Location
- Country: Serbia

Physical characteristics
- • location: Mačva, west of Bogatić
- • location: Sava river, at Sremska Mitrovica, Vojvodina
- • coordinates: 44°57′40″N 19°36′15″E﻿ / ﻿44.9612°N 19.6042°E
- Length: 34 km (21 mi)
- Basin size: 120 km^{2} (46 sq mi)

Basin features
- Progression: Sava→ Danube→ Black Sea

= Zasavica (river) =

The Zasavica (Засавица, /sh/) is a river in the Mačva region in west-central Serbia. It is a 33.1 km-long right tributary of the Sava River, which flows entirely within the Mačva region.

== Flow ==
It originates from several streams out of the swamps north of the village of Salaš Crnobarski, in the floodplain of the lower course of the Drina River. The river flows in a north-east direction for 10 km parallel to the flow of the Sava and next to the villages of Glogovac, Sovljak, Crna Bara, Banovo Polje and Radenković, where the river crosses the administrative border of Central Serbia and the province of Vojvodina, where it flows near the settlements of Ravnje, Zasavica I, Zasavica II, Noćaj, and Mačvanska Mitrovica. At village of Banovo Polje, two major headstreams, the Jovača and Prekopac, meet, and from that point the river is called the Zasavica.
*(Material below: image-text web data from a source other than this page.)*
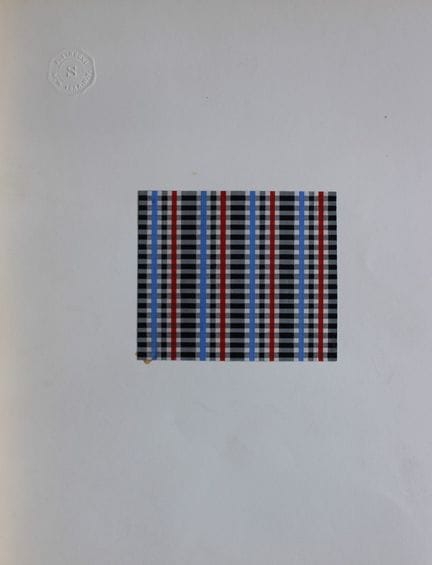 纽约A. Sirooni公司原版水粉画艺术装饰风格设计稿，约1920-1950年。

这是一款专为纽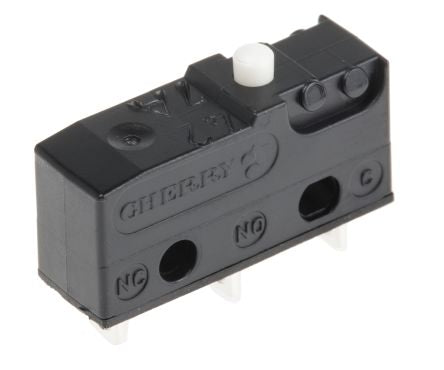 SPDT-NO/NC Button Microswitch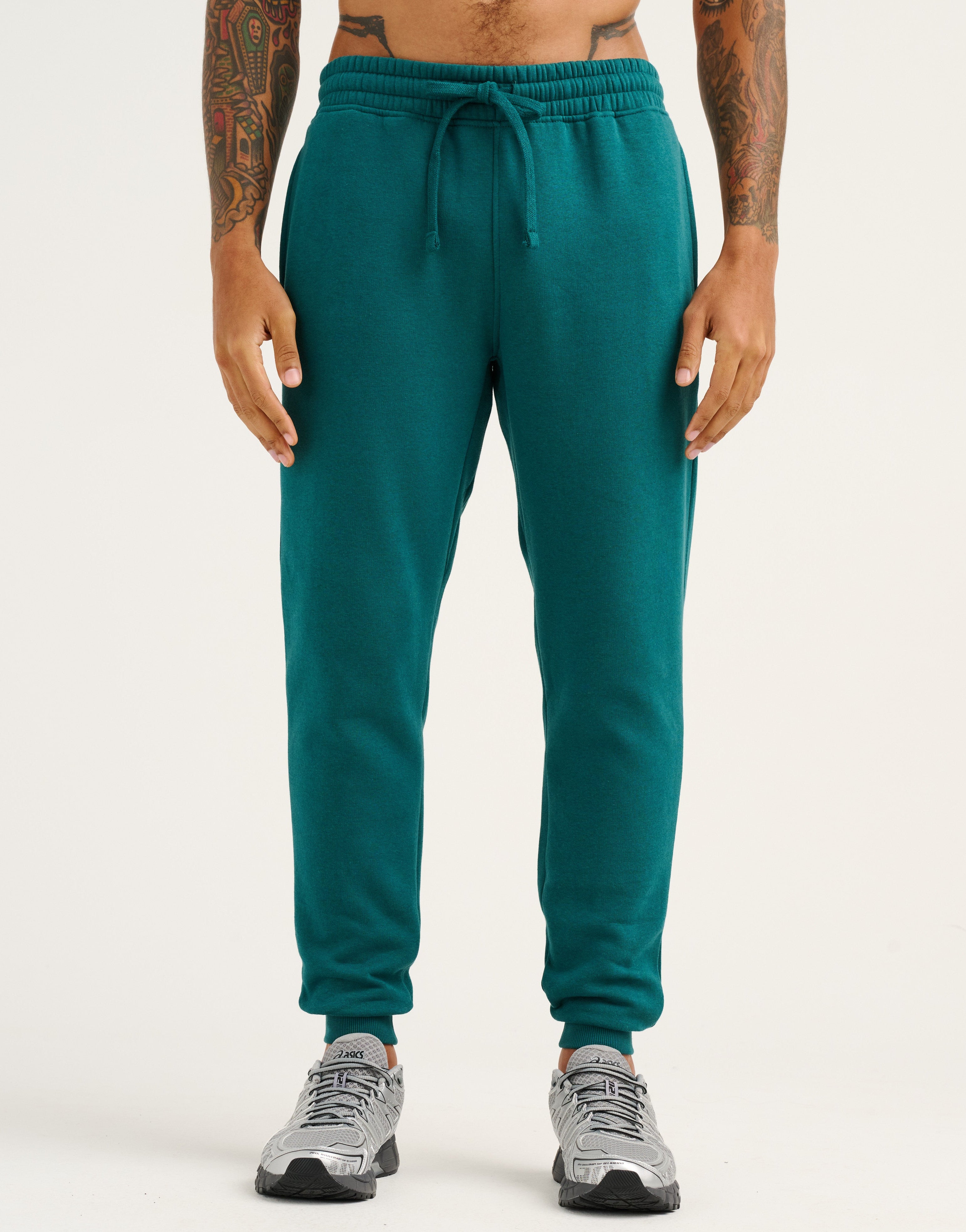 Recover Fleece Jogger - Teal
Near the village of Zasavica, the river enters the marshy area of the Zasavica bog where the nominally 50–60 meter-wide stream spreads to almost 300 meters and becomes 2 meters deep. It meanders through the middle of the town until flowing into the Sava at Mačvanska Mitrovica, right across the town of Sremska Mitrovica on the Sava. The final section is channeled (Bogaz canal), and the river often floods the surrounding area.
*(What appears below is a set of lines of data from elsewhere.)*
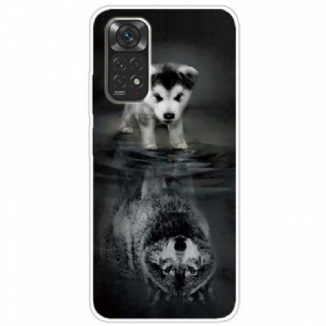 Coque Xiaomi Redmi Note 11 Pro /  Note 11 Pro 5G Rêve de Chiot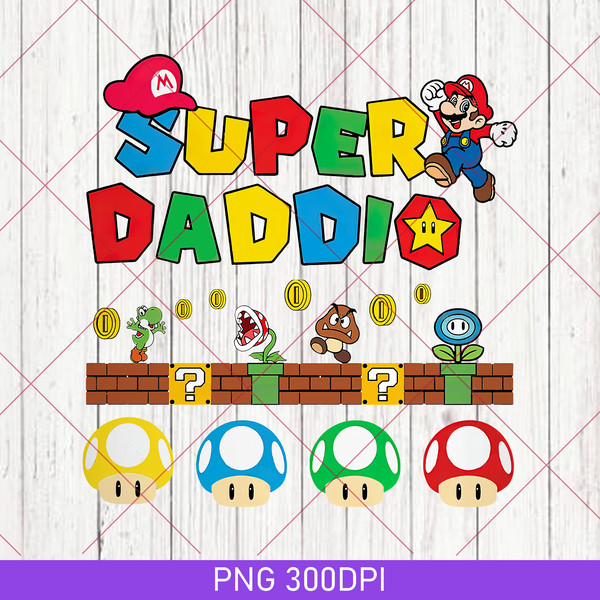 Super Mario PNG, Super Mario Family PNG, Super Mario Birthda - Inspire ...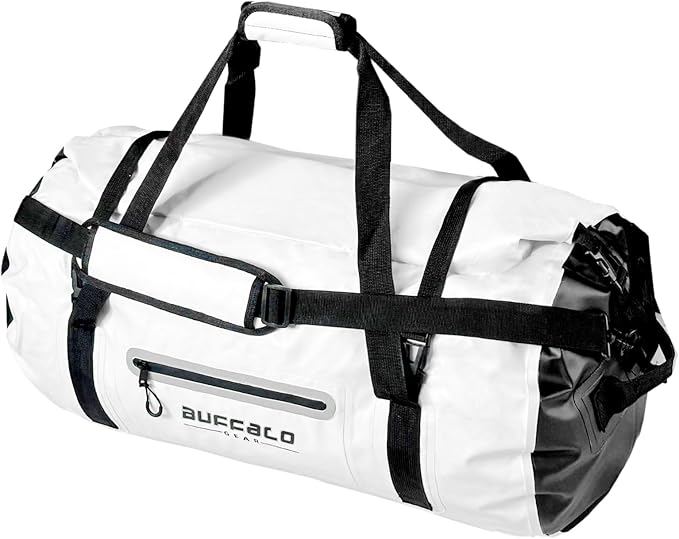 Buffalo Gear Waterproof Duffle Bag 40L 60L 80L Roll-top Dry Bag Heavy Duty - Image 8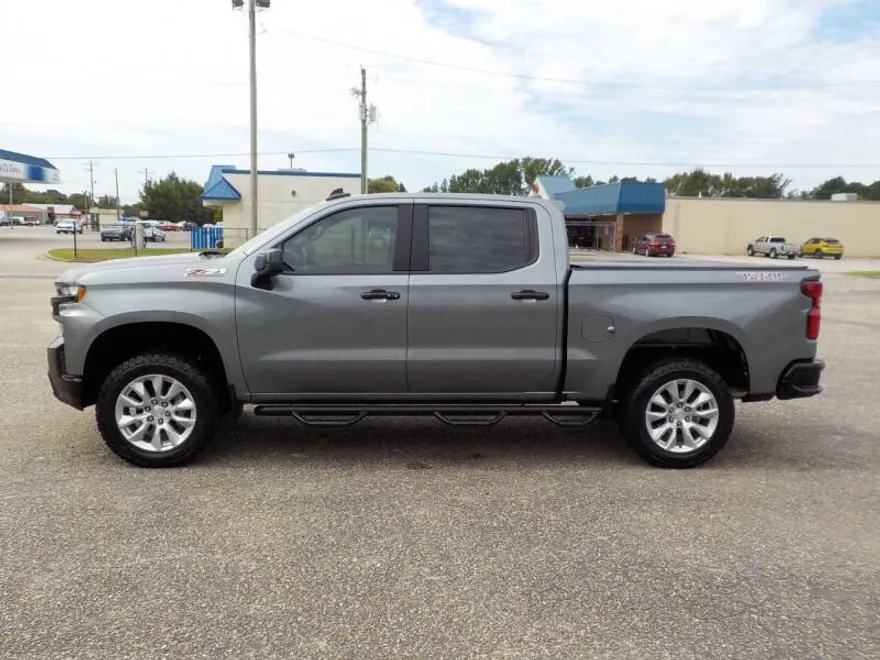 2021 Chevrolet Silverado 1500 LT Trail Boss photo 1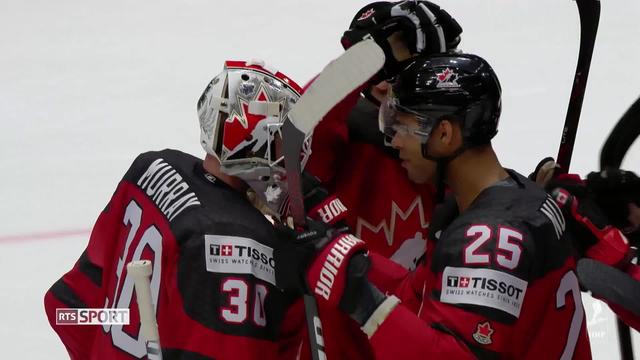 Hockey, Mondiaux: Le Canada rencontrera la Finlande en finale
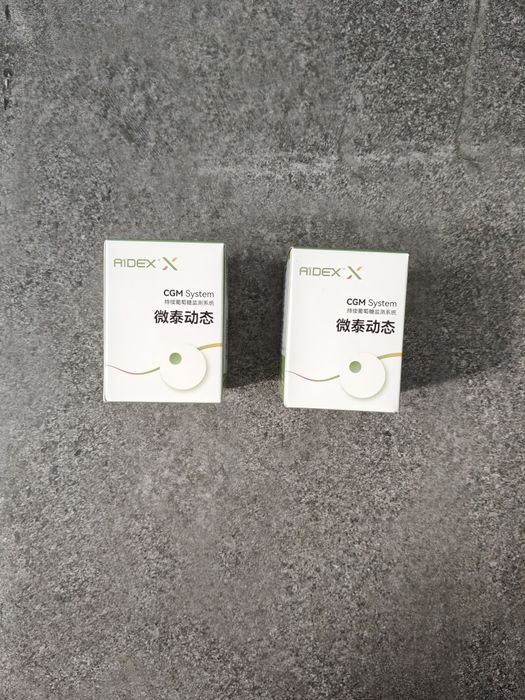 Сенсор глюкози aidex x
The name of the river could be translated as the “behind Sava”. It actually flows through the typical elongated "mrtvaja" (oxbow), the old (fossil) bed of both the Sava and later, the Drina rivers. Because of the river’s meandering course and the low terrain, a bog was created, while the river itself changes the course depending on how much atmospheric waters it gets during the year.

== Flora and fauna ==
The river is the main watercourse of the Zasavica Special Nature Reserve. It is the habitat for the waterwheel plant (Aldrovanda vesiculosa), which had been considered extinct for centuries until its discovery in Zasavica. It is also the habitat for the endangered European mudminnow (Umbra kameri).